逃走
(やっちまったー!!!)
心の中で何度も叫ぶ。
いくら胸を揉まれたからとはいえ、王に手を出してしまった。
これは流石にやばいよな、やばいよね、ヤッヴァーイよねーーー!!!。
一人で勝手にやってしまったことの大きさに気づいて心の中でやばいを何度も連呼する。
だが、魔王は満面の笑みで笑う。
「よくやったぞ!勇者よ!、胸がスカッとしたぞ!」
俺はなんとか意識を保って、魔王のいる場所まで駆け上がり救出する。
やってしまったものは仕方ない。
正直言ってこの王様の言いなりになるのは勘弁してほしいものがあった。
「王に手を出した以上、タダで帰れると思うなよ!」
衛兵達が口々に叫びながら俺たちを囲む。
アリ1匹見逃さないほどの密度の濃い肉壁が出来上がった。
正直かなりやばい。
レベルの下がった俺では衛兵一人倒せるかも怪しい。
「そいつらを捕らえよ!、一人たりとも逃すな!」
王の号令と共にジリジリと衛兵達が近づいてくる。
(まずいな...、どうする?)
俺は慌てず、この場を切り抜ける方法を考える。
こんな局面は何度も出くわしている、別に今日が初めてって訳ではない。
息を整えて、試しに衛兵へパンチを食らわせる。
俺の拳は確かに衛兵にヒットしたのだが、衛兵はそこまで痛そうにしていない。
ふつうに考えて、戦闘のプロである衛兵に庶民の拳など効くわけがないのだ。
衛兵のレベルは約30ほど、ばらつきこそあるが大体そんなものだった。
(レベル差がひどい...)
ユウリは一度距離をとる。
確実に距離を詰める衛兵達はもうそこまでにせまってきている。
その時衛兵の群れから声が聞こえた。
「紅蓮剣!」
「蒼波十字斬!」
「奇跡!聖なる壁!」
3度声が城内に響き渡ると、衛兵達の群れは吹き飛んで一直線上に道が出来上がる。
その直線上に二つの光り輝く壁が作られていて、衛兵達の侵入を阻んでいる。
俺は声のした方向を見ると、ユウトのパーティが立っていた。
「ユウト!、いつからいたんだ?」
「最初からいた!、この鈍感勇者が!」
「さっきの技はお前たちの技だよな?」
ユウリはユウト達の技をある程度は知っている。
なぜなら、力比べのように何度か対峙したことがあるからだ。
しかし、ユウリが知っている紅蓮剣よりも精度も性能も大幅に向上していたので驚いていた。
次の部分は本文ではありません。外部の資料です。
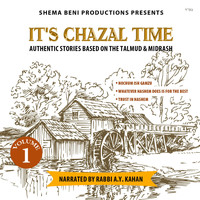 Rabbi A.Y. Kahan - It's Chazal Time, Vol. 1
「ああ、いつもお前に負けてはいられないからな、俺なりにスキルを上げていたんだ」
「ふっ、負けず嫌いが...」
全盛期の俺ほどではないが、この状況を打破するには充分な火力だ。
それにユウトパーティの僧侶がいい仕事をしてくれている。
見た目は弱々しい紫髪の少女だが、呪文は随分と高度な魔法を使っている。
「奇跡、聖なる壁」は高密度の光を凝縮し、その場に壁を作り出すというものなのだが。
彼女の壁は分厚く長い。
1日や2日で身につくような技量ではないことは誰の目にも明らかな程に見事な魔法だった。
(レベルは49か、ユウト達の中では低めだが、魔法の熟練度は高いな...)
「成長したな!カナメ!」
俺が僧侶を褒めるとにっこりと笑う。
「ここは俺達に任せてくれ、お前達のレベルが低いことはよく分かってるからな」
ユウトの言葉に俺は感動する。
「まじか!、あのユウトが人のために動いている...、俺は感動して泣きそうだ!」
確かに感動はしているが別に泣きそうではない。
カナメが声を張り上げて魔法の強度を上げながら言葉を発している。
「早く行って下さい!、私の奇跡も万能ではないです、これだけの大群に攻撃され続けたらいつ壊れるか...」
仮面の剣士はひらけた道を剣で指し示しながらユウリ達に言う。
「ユウリ様、道は私達が切り開きました、城の外にも衛兵はいると思いますが、ご武運をお祈りしております...」
魔王はそんな3人を見てはしゃぎながら礼を言う。
「余は感激したぞ!、もし余が元の力を取り戻したらお前達を余の配下に加えてやろう!」
嬉しそうな表情で三人を褒め称えるが、ユウト達は子供の言うことと思っているので真に受けてはいない。
「ありがとうございます!、この恩はそのうち返しますから!」
レスカも3人に礼を言う。
「貸しだからな、ユウリ!」
「勿論だ、そのうち返してやるよ!」
ユウリパーティは駆け出した。
ユウト達に手を貸してもらい、逃走を開始した。